# Best mousse for scrunching hair



## Blueeyesangel18 (Dec 28, 2008)

Scrunching hair never works for me 
	

	
	
		
		

		
			





 I don't even understand why not cuz my hair is kinda curly after I get out of the shower if I didn brush it so I tried scrunching with la coupe perfect curls gel and followed the directions on the bottle then I used the diffuser on my hairdryer but it just came out blah and sticky I watced a few youtube videos and the girls in the videos use a mousse but I dont know which one to get there are so many different ones, do any specktra ladies scrunch their hair and if so what do you use??


----------



## vocaltest (Dec 28, 2008)

paul mitchell extra body sculpting foam or sculpting foam are good choices. i'd say extra body tho


----------



## stronqerx (Dec 28, 2008)

I use diff ones, but they all work for me. I dont know why i always rotate between these two..samy & herbal essences. Sometimes when i run out and don't go out to buy more, i use tresseme because my little sister uses that and it works too.
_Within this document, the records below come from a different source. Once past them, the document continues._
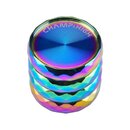 ChampHigh Grinder Alu 40mm - 4Parts Rainbow Diamond (1 Stk)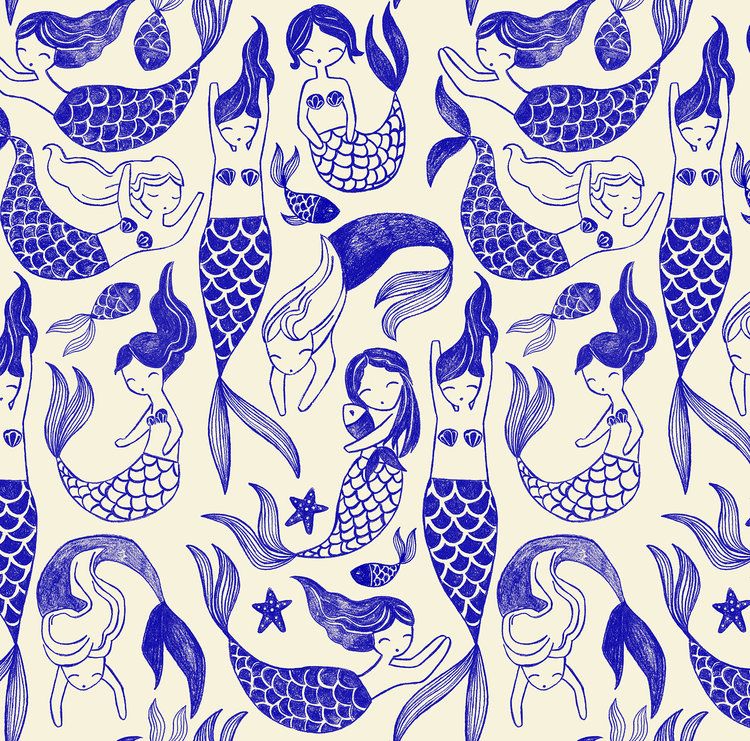 cute Mermaid wallpapers 0081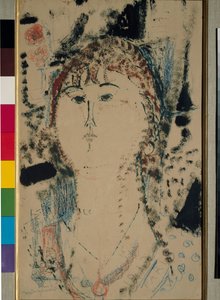 Obraz Rosa Porprina od Amedea Modiglianiho od Amedeo Modigliani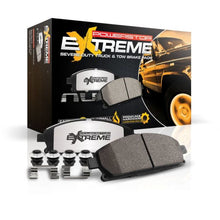 Load image into Gallery viewer, Power Stop 76-91 Ford E-250 Front Z36 Truck &amp; Tow Brake Pads w/Hardware
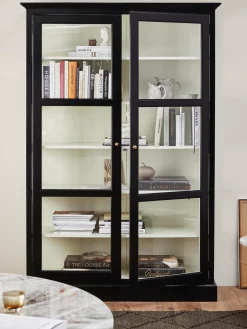 Vitrina pintada a mano Classic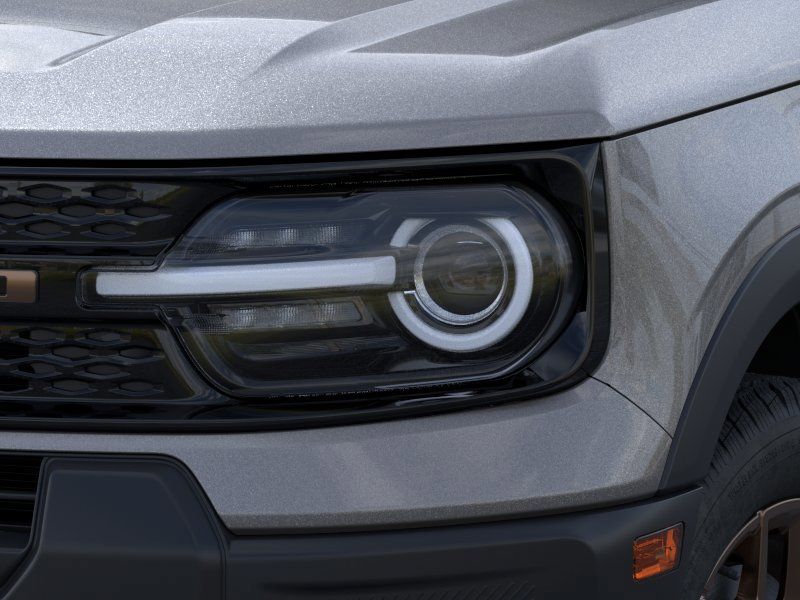 New 2026 Carbonized Gray Metallic Ford Big Bend image 18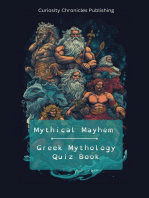 Greek Mythology Quiz Book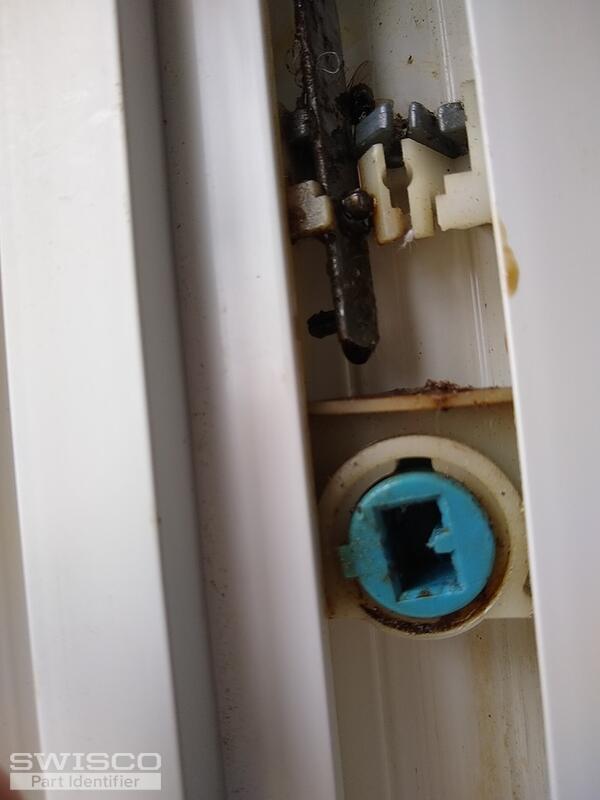 window pivot shoe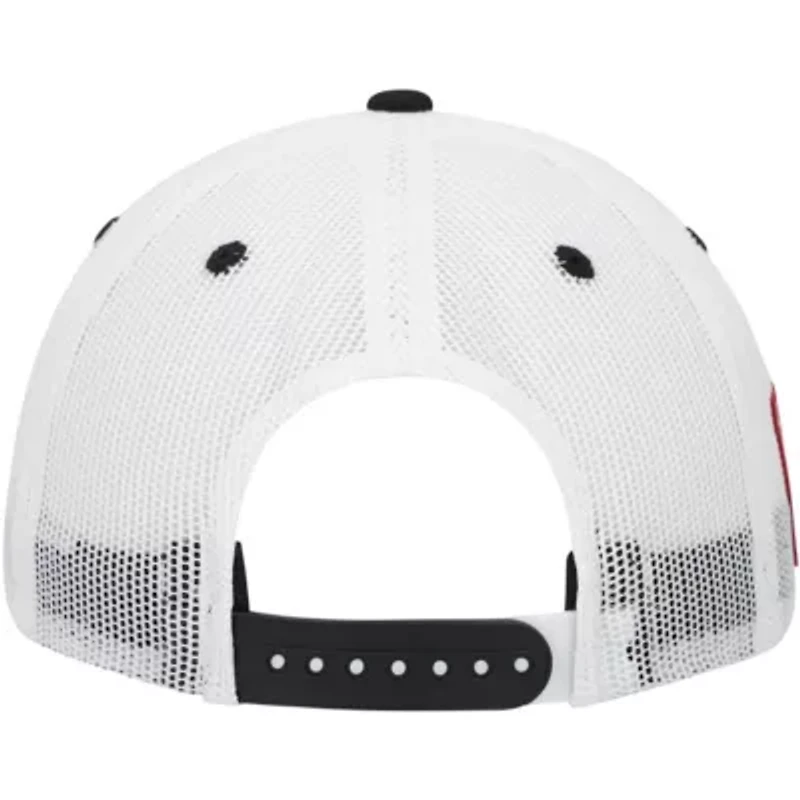 NCAA Black/White Houston Cougars 2022 AAC Basketball Conference Tournament s Locker Room Adjustable Hat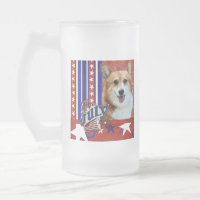 July 4th Firecracker - Corgi - Owen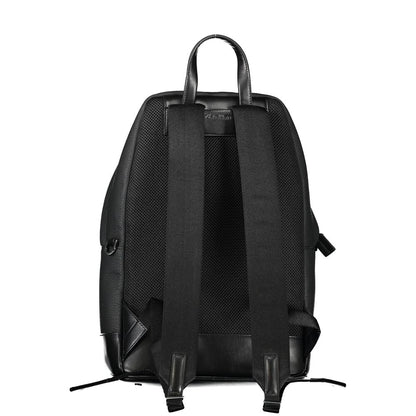 Calvin Klein svart polyesterryggsäck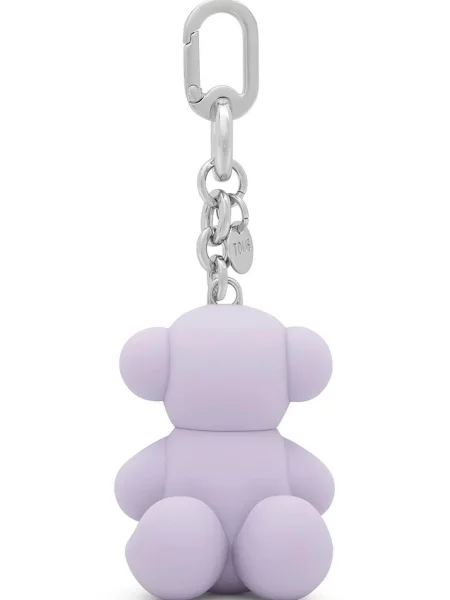 Obesek za ključe Tous vijolična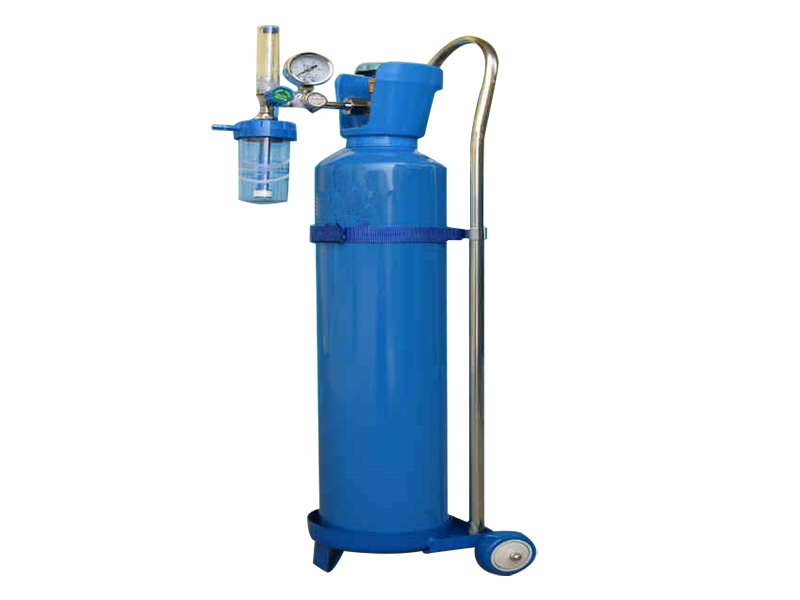 high pressure empty medical oxygen gas Cylinder 1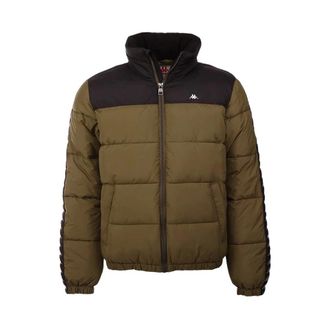 Kappa Jassen, Heren, Bruin, M, Polyester, Winterjas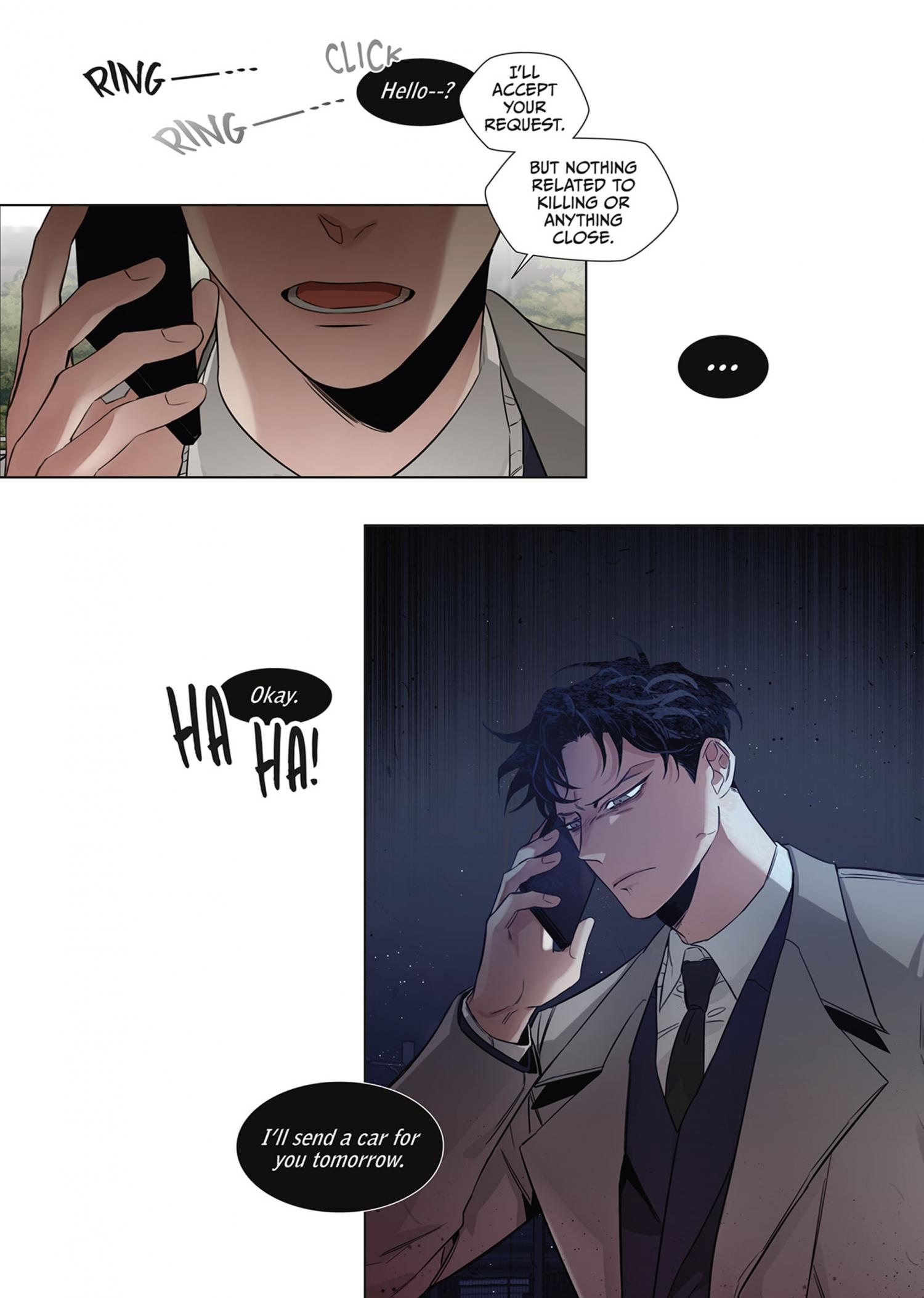 Roses And Champagne (Jujucat) Chapter 1.3 page 120 - 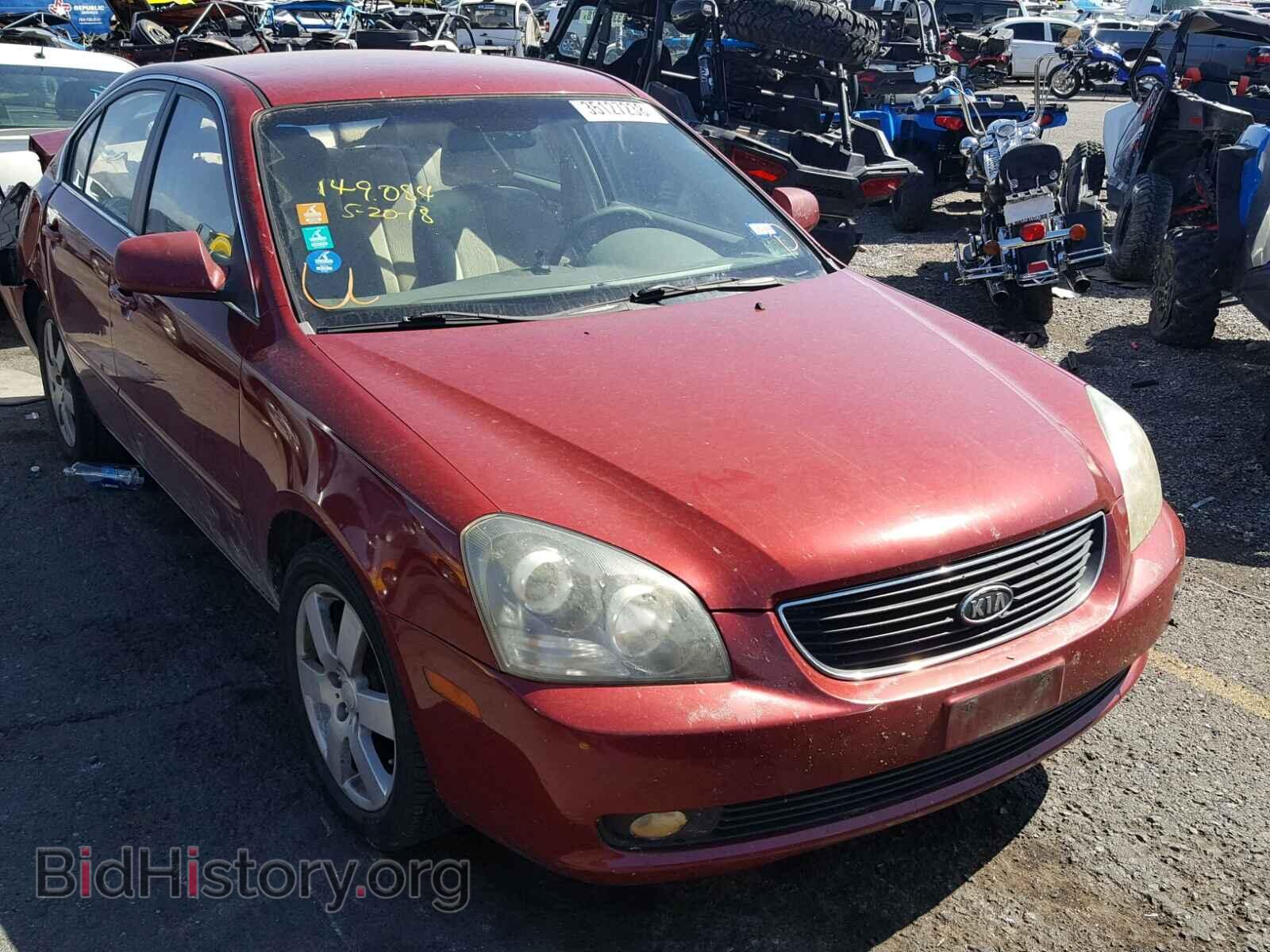 Фотография KNAGE123785168629 - KIA OPTIMA 2008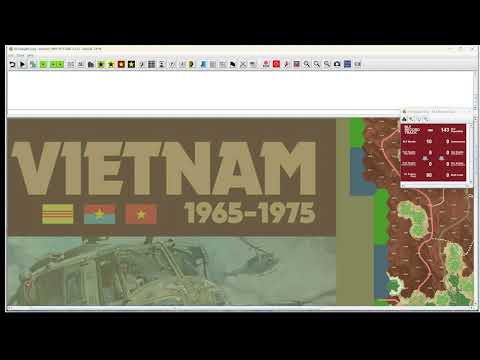 GMT Vietnam 1965-1975 Battle for Vietnam NLF Setup using Vassal module How to video series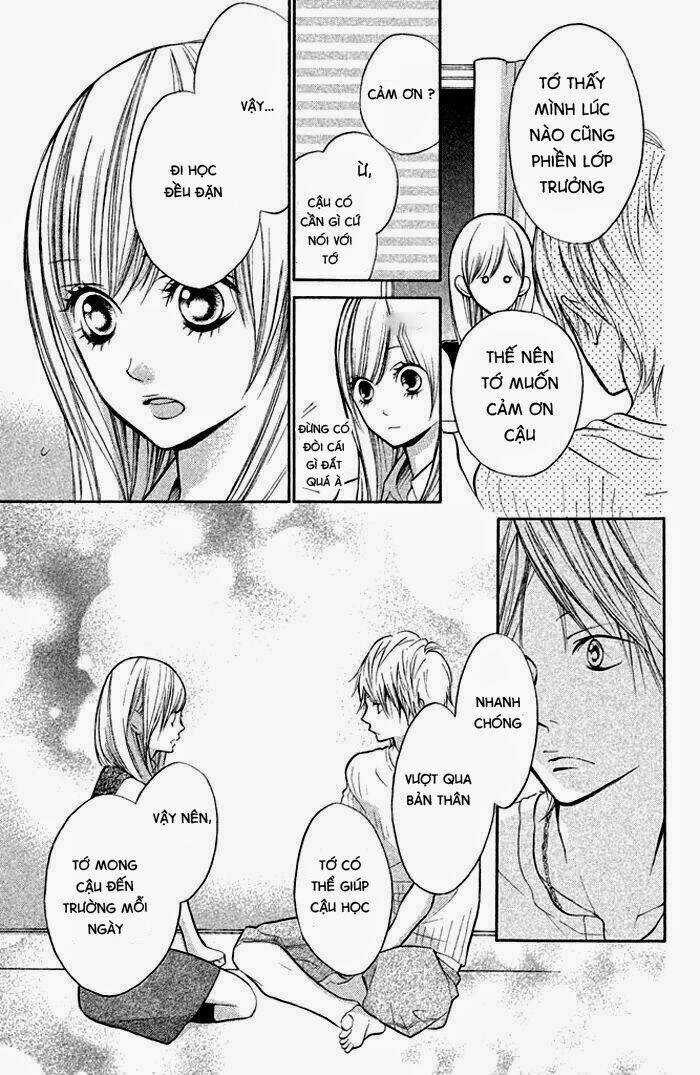 Hanagimi To Koisuru Watashi - Chapter 9 - Trang 27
Try those.


----------



## LaItaliana (Dec 29, 2008)

How long is your hair? I used to have pretty long hair, no layers and it has a natural wave to it, but it was really hard to make curls.

Now, I have shoulder-length with lots of layers and when I scrunch it, it looks naturally super curly. Sometimes before I tame it, its almost Flashdance status 
	

	
	
		
		

		
		
	


	




But I use Sunsilk Waves of Envy Gel & Cream twist & the sea salt spray. I put the gel all over my hair after I brush it then I start to scrunch it. I apply the sea salt liberally all over and diffuse. Big Sexy Hair Root plump gives me some volume.... But basically just dry it well (I flip my head over first then finish with the sides and back) and if theres not enough definition use Tresemme flawless curls reactivation mist (best scrunch spray in my opinion) and spray a decent amount of that on undefined/uncurled spots. diffuse over the areas you sprayed again & you should have pretty bouncy curls.


----------



## mena22787 (Dec 29, 2008)

i like garnier's curling mousse, cheap and works like a charm w/ me ( i have naturally curly hair)


----------



## MissMochaXOXO (Jan 2, 2009)

try a little volumizing gel mixed with a mousse. make sure to get ur realy dry and don't leave it damp- that will just leave it sticky. u need to get all the product dried up and activated to have bouncy,pretty curls


----------



## s0xjuicy (Jan 5, 2009)

I use whatever and it works, I like Tresemme's line of products also, I also use a lot of mousse and I concentrate most of it at my roots to get volume and then use a diffuser. 

You're not combing your hair right? That can get rid of the wavyness/curls. 

And I agree with LaItaliana, it also depends on your haircut.


----------